I never played little league. Baseball was never a presence in my life. My father was a hockey fan, my brother played football in high school, and when we played anything around the neighborhood involving bases, it tended to be kickball. Later I would be a hockey player, with some minor dabbling in basketball and soccer before giving up playing sports all together in high school. All through that time, baseball never had any kind of sway on me, except in movies like FIELD OF DREAMS. I found it boring and the clothing unpleasant, and I was just bad at the game.

As I’ve gotten older, I have fashioned myself into a sports fan, learning to care about games that had previously seemed a waste of time to me. I’ve become obsessed with football, gotten back into hockey, given basketball some attention, and even managed to drum up a little soccer interest (at least during the World Cup). However, I cannot make myself care about baseball. Watching a game is dull to me, and while I like the experience of attending a live game, I tend to get more excited about the hot dogs and pierogi races than the actual game.

Why can’t I make myself like “America’s Pastime?” Maybe it’s my politics.

I’ve recently been making my way through Ken Burns’ exhaustive 18-hour documentary BASEBALL. I may not like the game itself, but the history is fascinating, and the great thing about Burns’ films is that you can have them on while you’re doing other things. The documentary is rewarding (if laborious) from the perspective of history. Making my way through it I started to notice a pattern in the outlook of the game that bears a striking resemblance to a political party I have never quite been able to wrap my head around—the G.O.P. Maybe the constant presence of conservative writer George Will in Burns’ film influences this, but I could not help but notice that baseball is a lot like the Republican Party.

Let’s look at some parallels. Baseball declares itself “America’s Pastime,” even though it does not draw nearly the fan interest of football, a sport that is every bit as American as baseball. Republican candidates (I’m thinking the Palin-types) make a big showing of patriotism and often reference “Real Americans,” even though this excludes a number of ethnically, socially, economically, and religiously (or irreligiously) diverse United States Citizens.

Baseball fans also hearken back to a kind of idyllic past of simpler, more innocent times—a picture that seems to resemble 1950s America. Republicans have likewise been hearkening to a more innocent country ever since Reagan’s “Morning In America” ads.

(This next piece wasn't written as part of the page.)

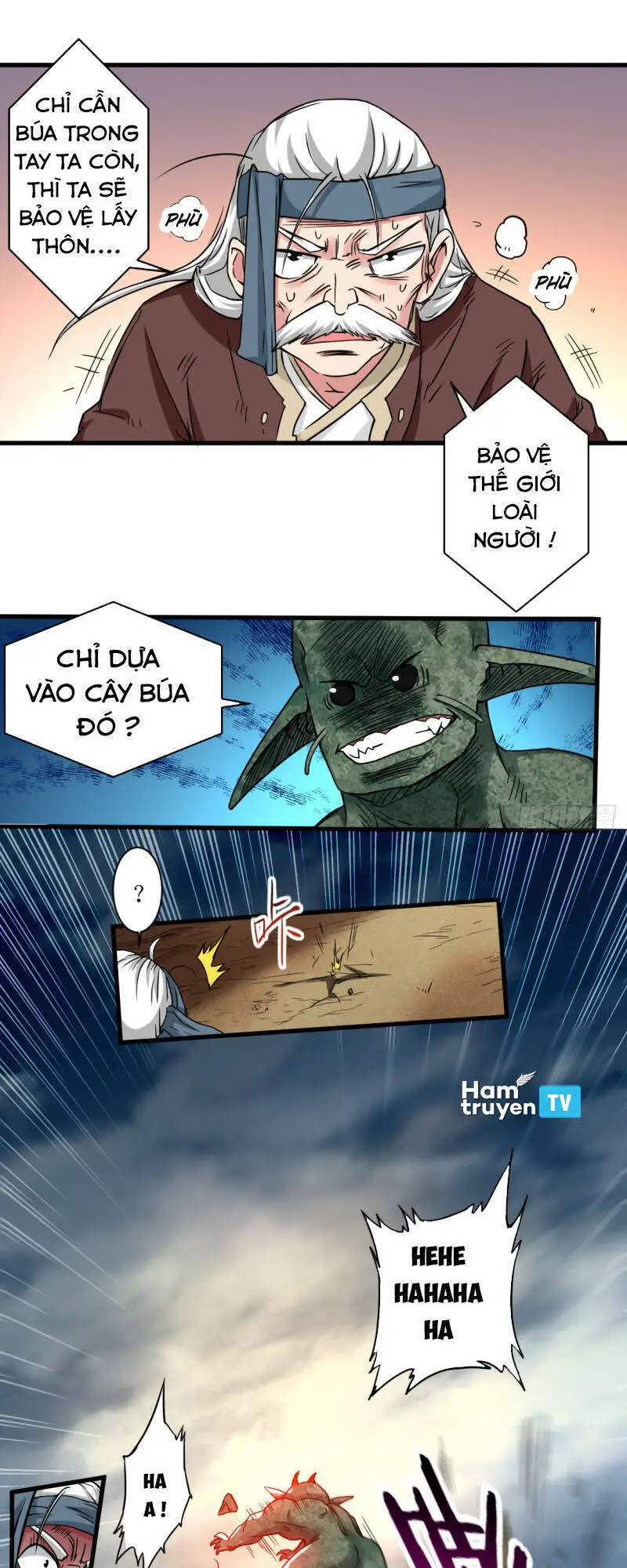 Đệ Tử Của Ta Đều Là Súp Bờ Thần Nettruyen ZZZ Chương 72 Page 7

Of course this romanticized past never really existed. The 50s was a great time for some people, but if you were not white and male, you’re much happier to be living in today’s America. Baseball also was never that innocent. In the early days, one of the game’s biggest stars Ty Cobb was a dirty racist asshole (meant metaphorically, though he might have had one as well, with hygiene being what it was in the 1900s), purposely trying to slash other players with his spikes. A team deliberately lost a professional championship to make money on the bet. Black players were excluded from the game for decades, and when Jackie Robinson finally broke that barrier he was abused and threatened for years. When exactly was this more innocent time in the sport of baseball?

In the modern era, Major League Baseball is the only one of the major team sports that does not have a hard salary cap limiting the amount teams are allowed to spend on players. There is kind of a free market approach to the league, which allows for larger market teams to consistently secure the best players and ensures smaller and less popular teams have even less chance of improving and securing a playoff berth. Granted, the Republican outlook would probably frown upon the “luxury tax” MLB charges to teams that spend the most every year, but certainly the sport would have greater acceptance for free marketers than the socialistic approaches of the NFL, NHL, or NBA.

There are more parallels to be drawn between the G.O.P. and baseball, but most of them feel like snarky cheap shots about hypocritically espousing values (like marital faithfulness or fair gamesmanship) while doing the opposite in secret (maintaining extramarital affairs or taking human growth hormone to improve batting strength). Besides, hypocrisy is far from being limited to Republicans or the sport of baseball.

I’m obviously not a Republican. As with baseball, there was no Republican influence in my home growing up, with a hippie mother (or anti-war activist as she would prefer, since she thinks “hippie” implies laziness) and a unionized father. Getting older and more educated (and theoretically wiser), I have felt no draw to the right wing of politics, just as I have felt no draw toward baseball. Both things are capable of great good. Baseball makes great fodder for some of the best sports movies ever made. Republicans can make great business people and high school principals. I can respect and even appreciate both, but I will probably never be rooting for either of them.